Но это был последний раз, когда он так ругался. Меня удивило, как быстро его гнев сменился горечью и грустью, а потом мы стояли на коленях, обнимая друг друга и захлебываясь в слезах.

Он гладил меня по голове и повторял:

— Это моя вина. Моя вина. Это я виноват.

— При чем тут ты? — всхлипывая, говорила я. — Как это может быть твоя вина, это я во всем виновата.

— Нет, — произнес Джон так убежденно, что я не стала с ним спорить. — Это я виноват.

В ту, первую, ночь мы пытались нащупать путь друг к другу — любовники, которые тонут в мелком озерке, — рыдали и говорили, говорили и рыдали. Целовались, ощущая у себя на губах слезы другого. Мы вместе пошли в ванную и умывались, повернувшись друг к другу. Джон поднял лицо над раковиной — с ресниц стекала вода, — взглянул на меня и сказал:

— Шерри, как я мог не догадаться?

Я положила руку ему на лоб, словно собиралась проверить температуру — или перекрестить:

— Ты даже не подозревал? Никогда?

— Нет, — ответил он пораженно, даже с каким-то благоговейным страхом. — Мне это даже в голову не приходило, Шерри. — И такая опустошающая боль прозвучала в этих словах, что мне пришлось отвести взгляд. Я уставилась на его грудь, на область сердца, и тихо проговорила:

— Скажи, ты… — Мой голос прервался. — Простил меня?

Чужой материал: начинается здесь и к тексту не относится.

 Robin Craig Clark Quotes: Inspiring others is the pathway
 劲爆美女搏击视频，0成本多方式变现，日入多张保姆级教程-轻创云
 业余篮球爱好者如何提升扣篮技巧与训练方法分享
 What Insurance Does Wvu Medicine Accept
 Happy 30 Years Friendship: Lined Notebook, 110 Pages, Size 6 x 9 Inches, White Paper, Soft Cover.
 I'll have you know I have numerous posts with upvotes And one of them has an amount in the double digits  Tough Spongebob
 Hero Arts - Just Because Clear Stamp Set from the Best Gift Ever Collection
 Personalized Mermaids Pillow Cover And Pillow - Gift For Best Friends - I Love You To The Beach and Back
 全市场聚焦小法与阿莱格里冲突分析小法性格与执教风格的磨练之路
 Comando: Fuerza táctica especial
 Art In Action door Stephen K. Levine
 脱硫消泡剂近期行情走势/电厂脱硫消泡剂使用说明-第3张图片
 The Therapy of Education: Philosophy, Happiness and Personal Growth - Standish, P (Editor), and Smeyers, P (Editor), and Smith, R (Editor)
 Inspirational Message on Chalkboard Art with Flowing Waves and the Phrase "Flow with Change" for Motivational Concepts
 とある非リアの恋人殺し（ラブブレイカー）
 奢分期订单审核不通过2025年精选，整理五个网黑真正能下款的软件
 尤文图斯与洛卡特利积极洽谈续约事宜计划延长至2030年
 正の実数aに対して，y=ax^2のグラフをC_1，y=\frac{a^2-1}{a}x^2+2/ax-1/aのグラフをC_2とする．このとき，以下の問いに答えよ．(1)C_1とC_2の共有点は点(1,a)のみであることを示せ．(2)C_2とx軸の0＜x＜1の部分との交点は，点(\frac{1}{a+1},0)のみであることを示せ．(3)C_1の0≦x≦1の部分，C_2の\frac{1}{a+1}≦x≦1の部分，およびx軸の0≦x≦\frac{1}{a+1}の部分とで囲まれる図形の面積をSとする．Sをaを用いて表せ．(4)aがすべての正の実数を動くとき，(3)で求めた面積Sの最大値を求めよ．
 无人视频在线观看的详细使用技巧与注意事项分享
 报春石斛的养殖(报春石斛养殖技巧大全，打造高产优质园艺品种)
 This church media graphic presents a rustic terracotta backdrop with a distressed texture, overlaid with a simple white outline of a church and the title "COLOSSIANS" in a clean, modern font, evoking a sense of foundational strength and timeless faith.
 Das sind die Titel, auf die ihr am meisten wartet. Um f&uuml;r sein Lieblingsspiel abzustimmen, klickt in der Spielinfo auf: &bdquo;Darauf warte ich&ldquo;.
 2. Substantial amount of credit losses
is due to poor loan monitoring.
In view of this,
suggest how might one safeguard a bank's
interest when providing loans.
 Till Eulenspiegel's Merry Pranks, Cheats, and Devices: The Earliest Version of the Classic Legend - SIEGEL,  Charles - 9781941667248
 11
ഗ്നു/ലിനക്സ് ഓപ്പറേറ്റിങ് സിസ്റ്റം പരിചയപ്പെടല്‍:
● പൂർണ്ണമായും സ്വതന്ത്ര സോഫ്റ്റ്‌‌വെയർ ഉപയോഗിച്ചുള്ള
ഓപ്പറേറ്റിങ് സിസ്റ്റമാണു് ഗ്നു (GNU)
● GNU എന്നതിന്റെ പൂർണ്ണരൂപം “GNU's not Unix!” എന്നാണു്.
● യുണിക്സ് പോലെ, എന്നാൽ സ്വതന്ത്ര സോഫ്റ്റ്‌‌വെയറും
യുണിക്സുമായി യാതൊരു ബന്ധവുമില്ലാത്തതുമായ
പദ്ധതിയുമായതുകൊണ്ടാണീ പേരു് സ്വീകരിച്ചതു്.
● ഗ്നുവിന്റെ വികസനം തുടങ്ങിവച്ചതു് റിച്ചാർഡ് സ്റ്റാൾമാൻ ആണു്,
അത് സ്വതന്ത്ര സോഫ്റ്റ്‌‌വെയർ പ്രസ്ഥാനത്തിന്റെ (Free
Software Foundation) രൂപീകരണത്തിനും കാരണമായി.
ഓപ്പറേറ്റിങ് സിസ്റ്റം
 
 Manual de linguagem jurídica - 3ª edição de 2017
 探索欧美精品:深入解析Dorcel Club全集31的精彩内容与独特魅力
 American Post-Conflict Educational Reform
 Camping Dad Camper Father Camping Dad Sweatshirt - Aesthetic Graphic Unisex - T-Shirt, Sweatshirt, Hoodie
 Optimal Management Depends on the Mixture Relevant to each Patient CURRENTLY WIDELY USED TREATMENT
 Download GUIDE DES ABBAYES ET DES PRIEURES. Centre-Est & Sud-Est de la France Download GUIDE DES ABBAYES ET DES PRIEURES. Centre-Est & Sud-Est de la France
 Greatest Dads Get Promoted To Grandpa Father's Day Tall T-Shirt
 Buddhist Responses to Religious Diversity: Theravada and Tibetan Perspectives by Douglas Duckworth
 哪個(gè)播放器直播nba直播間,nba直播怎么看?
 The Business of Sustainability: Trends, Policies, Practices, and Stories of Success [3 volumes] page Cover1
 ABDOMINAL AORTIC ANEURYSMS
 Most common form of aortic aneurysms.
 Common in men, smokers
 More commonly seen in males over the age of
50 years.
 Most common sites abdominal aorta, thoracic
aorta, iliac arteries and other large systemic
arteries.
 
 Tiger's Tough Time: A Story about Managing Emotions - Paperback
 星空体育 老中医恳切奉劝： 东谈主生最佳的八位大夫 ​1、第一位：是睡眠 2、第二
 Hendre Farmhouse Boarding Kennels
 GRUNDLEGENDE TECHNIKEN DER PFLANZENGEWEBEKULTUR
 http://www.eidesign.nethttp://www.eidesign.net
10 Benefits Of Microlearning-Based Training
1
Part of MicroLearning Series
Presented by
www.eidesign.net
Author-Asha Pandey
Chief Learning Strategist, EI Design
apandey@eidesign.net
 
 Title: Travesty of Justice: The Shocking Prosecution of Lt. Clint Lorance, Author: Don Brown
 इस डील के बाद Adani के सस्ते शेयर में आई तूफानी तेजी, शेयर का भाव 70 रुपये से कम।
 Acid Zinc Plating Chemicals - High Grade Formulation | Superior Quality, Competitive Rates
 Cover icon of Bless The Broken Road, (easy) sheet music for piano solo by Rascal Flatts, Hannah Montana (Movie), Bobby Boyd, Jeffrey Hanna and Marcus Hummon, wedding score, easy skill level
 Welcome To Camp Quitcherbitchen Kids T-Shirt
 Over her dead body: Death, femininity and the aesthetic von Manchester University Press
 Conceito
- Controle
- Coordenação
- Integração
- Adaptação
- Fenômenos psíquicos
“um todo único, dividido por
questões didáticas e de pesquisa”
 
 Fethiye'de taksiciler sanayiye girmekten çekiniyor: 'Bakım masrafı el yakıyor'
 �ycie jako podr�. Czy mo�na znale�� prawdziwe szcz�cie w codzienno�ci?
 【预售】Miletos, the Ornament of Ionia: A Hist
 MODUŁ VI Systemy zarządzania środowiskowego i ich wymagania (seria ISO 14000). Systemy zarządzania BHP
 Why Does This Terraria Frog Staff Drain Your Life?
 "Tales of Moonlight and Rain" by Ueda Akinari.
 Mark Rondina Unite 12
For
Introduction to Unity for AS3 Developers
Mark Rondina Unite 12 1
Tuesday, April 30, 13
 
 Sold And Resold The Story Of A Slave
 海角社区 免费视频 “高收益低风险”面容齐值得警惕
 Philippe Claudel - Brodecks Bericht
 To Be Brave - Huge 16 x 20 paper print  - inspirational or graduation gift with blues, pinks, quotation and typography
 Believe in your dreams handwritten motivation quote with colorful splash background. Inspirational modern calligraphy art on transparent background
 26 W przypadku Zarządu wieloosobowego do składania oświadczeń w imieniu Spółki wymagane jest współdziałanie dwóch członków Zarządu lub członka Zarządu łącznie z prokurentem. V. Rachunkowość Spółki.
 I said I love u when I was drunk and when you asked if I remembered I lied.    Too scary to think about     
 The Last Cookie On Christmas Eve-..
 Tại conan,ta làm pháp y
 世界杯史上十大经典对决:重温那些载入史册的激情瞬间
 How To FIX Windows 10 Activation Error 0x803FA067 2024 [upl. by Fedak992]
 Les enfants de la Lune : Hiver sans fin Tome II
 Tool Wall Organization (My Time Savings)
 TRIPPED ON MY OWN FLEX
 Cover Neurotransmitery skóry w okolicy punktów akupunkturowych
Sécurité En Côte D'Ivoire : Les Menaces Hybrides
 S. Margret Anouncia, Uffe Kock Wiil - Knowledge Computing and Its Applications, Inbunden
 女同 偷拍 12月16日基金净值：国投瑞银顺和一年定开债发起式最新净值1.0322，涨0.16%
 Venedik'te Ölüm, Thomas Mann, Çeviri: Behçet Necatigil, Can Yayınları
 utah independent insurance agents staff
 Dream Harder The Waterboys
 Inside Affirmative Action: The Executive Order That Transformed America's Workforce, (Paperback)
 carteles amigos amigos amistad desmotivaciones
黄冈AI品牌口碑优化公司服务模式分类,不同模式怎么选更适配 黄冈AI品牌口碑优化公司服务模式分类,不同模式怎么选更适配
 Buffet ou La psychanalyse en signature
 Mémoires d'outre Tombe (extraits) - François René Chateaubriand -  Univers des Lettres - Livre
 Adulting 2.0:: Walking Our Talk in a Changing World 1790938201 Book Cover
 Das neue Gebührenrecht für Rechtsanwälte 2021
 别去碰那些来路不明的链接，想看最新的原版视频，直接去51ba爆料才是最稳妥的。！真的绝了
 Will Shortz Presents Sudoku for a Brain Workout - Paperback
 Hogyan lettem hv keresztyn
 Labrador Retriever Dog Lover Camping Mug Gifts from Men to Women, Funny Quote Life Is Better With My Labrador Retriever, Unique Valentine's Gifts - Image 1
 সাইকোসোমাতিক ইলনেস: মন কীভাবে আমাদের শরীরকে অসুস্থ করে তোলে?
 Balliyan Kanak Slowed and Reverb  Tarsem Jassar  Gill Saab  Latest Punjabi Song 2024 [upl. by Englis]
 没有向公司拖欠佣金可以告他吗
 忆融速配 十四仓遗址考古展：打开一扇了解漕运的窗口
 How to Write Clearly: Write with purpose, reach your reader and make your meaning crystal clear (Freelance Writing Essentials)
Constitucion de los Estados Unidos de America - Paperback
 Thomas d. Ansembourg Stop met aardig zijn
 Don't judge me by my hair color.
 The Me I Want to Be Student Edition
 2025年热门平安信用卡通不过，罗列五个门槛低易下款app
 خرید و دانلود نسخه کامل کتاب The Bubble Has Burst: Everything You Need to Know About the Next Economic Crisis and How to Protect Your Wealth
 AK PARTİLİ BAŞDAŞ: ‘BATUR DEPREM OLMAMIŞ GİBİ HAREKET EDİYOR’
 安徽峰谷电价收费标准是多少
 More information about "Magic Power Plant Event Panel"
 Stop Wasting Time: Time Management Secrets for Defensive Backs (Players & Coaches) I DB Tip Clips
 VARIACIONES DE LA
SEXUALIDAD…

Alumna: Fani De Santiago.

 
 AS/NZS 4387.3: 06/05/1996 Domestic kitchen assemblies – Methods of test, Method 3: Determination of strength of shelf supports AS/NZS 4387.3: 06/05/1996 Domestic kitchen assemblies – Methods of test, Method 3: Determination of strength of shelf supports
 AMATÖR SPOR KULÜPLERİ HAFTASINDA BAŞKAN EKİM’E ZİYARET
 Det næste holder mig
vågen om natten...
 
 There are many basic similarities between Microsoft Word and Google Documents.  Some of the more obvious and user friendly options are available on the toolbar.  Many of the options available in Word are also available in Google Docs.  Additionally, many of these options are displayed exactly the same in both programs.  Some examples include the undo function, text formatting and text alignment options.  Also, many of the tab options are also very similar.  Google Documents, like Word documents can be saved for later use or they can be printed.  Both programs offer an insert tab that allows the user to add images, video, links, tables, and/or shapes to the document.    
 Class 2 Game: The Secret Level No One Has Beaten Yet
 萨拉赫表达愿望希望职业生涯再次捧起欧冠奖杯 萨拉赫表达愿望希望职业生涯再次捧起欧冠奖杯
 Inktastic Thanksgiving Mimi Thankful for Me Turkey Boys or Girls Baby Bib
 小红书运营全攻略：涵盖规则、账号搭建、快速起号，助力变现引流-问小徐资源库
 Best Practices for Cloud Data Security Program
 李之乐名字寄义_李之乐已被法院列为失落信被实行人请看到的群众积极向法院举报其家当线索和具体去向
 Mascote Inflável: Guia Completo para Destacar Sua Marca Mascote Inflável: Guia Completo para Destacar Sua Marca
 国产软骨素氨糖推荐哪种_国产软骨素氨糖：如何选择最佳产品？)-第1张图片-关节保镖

Что, если он ответит: «Нет»?

— Конечно, простил. Ты — вся моя жизнь, Шерри. Как я могу тебя не простить?

Он выпрямился и зарылся лицом в полотенце, и несколько минут стоял, облокотившись о стену. Я безмолвно наблюдала за ним, ничего не замечая вокруг себя. Когда он оторвался от полотенца и обернулся ко мне, я удивилась. Он улыбался — печально и отстраненно, но все-таки улыбался.

— Выходит, я тебя не знал? — Он неловко потряс головой, все еще улыбаясь. — Все эти недели — нет, годы! — я жил в каком-то воображаемом мире. А ты в реальном.

Я не улыбалась.

Подошла к нему.

Он взял в руки мое лицо. Притянул к себе и долго смотрел, словно пытался в каждой мелкой морщинке прочитать ответ на свой вопрос.

— Теперь все кончилось, правда? Совсем?

— О Господи, Джон, конечно. Все кончилось.

Он поцеловал меня в лоб и со вздохом произнес:

— Я хочу, чтобы все было как раньше. Как было всегда. — Он обнял меня покрепче.


Два дня мы провели, не размыкая объятий.

В нашей спальне, держась за руки, касаясь друг друга коленями и плечами. Ночью мы легли в постель, но не спали, не занимались любовью, даже одеялом не накрылись. Просто смотрели друг на друга. Часами. В какой-то миг я поймала на лице Джона страдальческую гримасу. Он перехватил мой взгляд и попытался улыбнуться. Начал меня целовать — в губы, глаза, уши. Мы плакали, плач переходил в смех, а потом опять в плач. Не подходили к телефону, не выходили из дома.

Строили планы.

Теперь мы опять вместе, сказал Джон. Он стремился взять всю вину на себя, потому что был уверен: я бы никогда не пошла на любовную связь без подзуживания с его стороны и не меньше его хочу, чтобы все закончилось. Он настаивал, что это было нашей общей ошибкой — непониманием, рожденным благодушием и самоуверенностью, слепотой и неблагодарностью за величайший подарок судьбы в виде счастливого брака. Так мы говорили, пытаясь поддержать друг друга, размышляя, как нам жить дальше, и вдруг до меня дошло, что раньше, до этих событий, мы никогда не обсуждали ни одной темы — ни дом, ни ребенка, ни брак — с такой страстью, какую вызвала проблема моего любовника.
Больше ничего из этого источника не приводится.